We would like to detect wave packets of center-frequency 100-200 Hz in human EEG recordings. In the epilepsy community, these wave packets are called HFOs (high-frequency oscillations). Our sample EEG recordings come from intracranial electrodes implanted in the brains of adult patients with epilepsy. The recordings contain seizures, rumble, and mains hum. On some channels we see one or two HFOs per minute, but on others we see none. We would like to ignore the non-HFO features and extract from the signal the wave packets. At the same time, we are aware of how easily we can create wave packets by the action of high-pass filtering, as we discuss above. We resolve not to classify the EEG intervals by looking at a filtered version of the signal. We will look at the original signal.

Figure: HFO in Human EEG. Interval of 0.5 s and 1024 SPS. We can see the oscillation beginning at around 0.15 s and continuing until 0.3 s. We are able to see these small fluctuations because the spikes and swings in the underlying signal are not so large as to obscure the fluctuations from our eyes. We count roughly fifteen evenly-spaced fluctuations in 150 ms. The spetrum shows a matching peak at 100 Hz. We note that 100 Hz is the second harmonic of the local mains frequency. We do not know if these fluctuations are mains hum or neurological activity.

Although we will not use filtering in our visual identification of HFOs, we will use the power in the 80-260 Hz band to pick out intervals that might be HFOs. These intervals will be our events and the 80-260 Hz band will be our event band. Our hope is that we can train a computer to classify events as HFO or non-HFO. The upper limit of 260 Hz makes no sense for signals recorded at 512 SPS, but in this case our EEG data was recorded at 1024 SPS and filtered to 268 Hz. The power of our HFOs should lie entirely within the event band. We will use event-band power for baseline calibration. Our event-power metric is a measure of the ratio of the event power to the baseline power. After some examination of the data, we set our event trigger at ten times the baseline power.
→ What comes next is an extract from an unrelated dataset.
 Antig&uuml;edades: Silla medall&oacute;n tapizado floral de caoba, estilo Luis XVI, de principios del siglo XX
We found that symmetry and spikiness were not useful in detecting HFOs, neither when applied to the 80-260 Hz signal nor to the 10-40 Hz signal. But intermittency remains useful, this being the power of fluctuations in the de-modulated event-band signal. We devised a new metric to measure the purity of a wave packet. A wave packet has a gaussian-shaped frequency spectrum. Our purity metric is a measure of how narrow this peak is compared to its center frequency. A sustained sinusoid will have maximum purity and a spike will have minimum purity. A wave packet is somewhere in-between.
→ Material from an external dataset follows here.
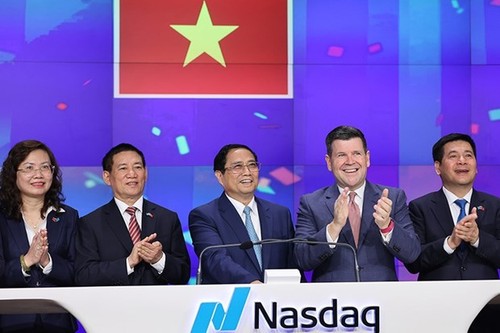 Pham Minh Chinh toca la campana para abrir nueva sesión en NASDAQ - ảnh 1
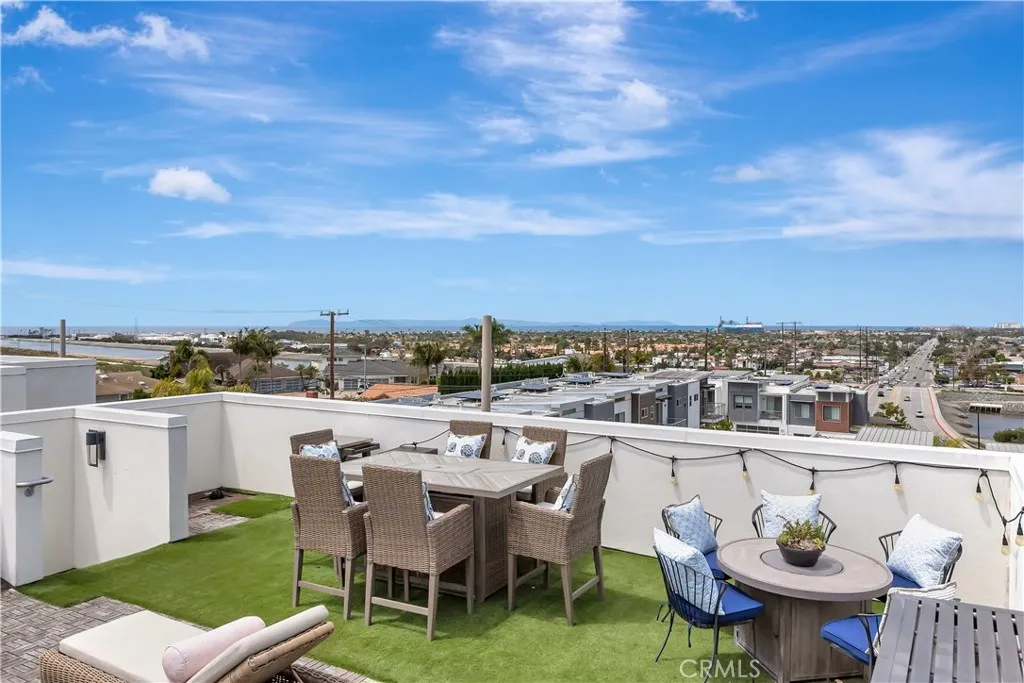 Additional image 45 of 2105 Two Harbors Circle, Costa Mesa, CA 92627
Our ECP2 classification processor implements these three metrics. In the figure below we see a classification library arranged by purity and intermittency. The other two combinations of metrics give similar separation of HFO and Other events. All three metrics are necessary for adequate separation of the two classes.

Figure: HFO Classification Library. Purple events are non-HFO events called Other and orange are HFO events. We arrange the library by purity and intermittency. The white square is a current event that is classified as Other.

We built up our classification library by starting with channel No1 in an archive P9_HG_N4_REF_1.ndf for which ION had confirmed twelve HFOs. We used six of these in our library three others we found ourselves. We included twenty Other events from channel No1. We applied the library to all fourteen channels in the same archive. We found 5 New events and classified these. We applied the library again. We found 0 New events, 24 HFO, and 175 Other. Going through the 24 HFO events we find they all match our visual criteria. Our false positive rate among detected HFO events is less than 1/24 = 4%. Our false positive rate among randomly-selected 0.5-s intervals is less than 1/16800 = 0.006%. Going through the 175 Other events, we find seven or eight that we think should have been classified as HFO. These are either too close to the edge of the interval or accompanied by large artifacts that make detection difficult. Because we have roughly 32 HFO events and we miss 8 of them our false negative rate is 25%.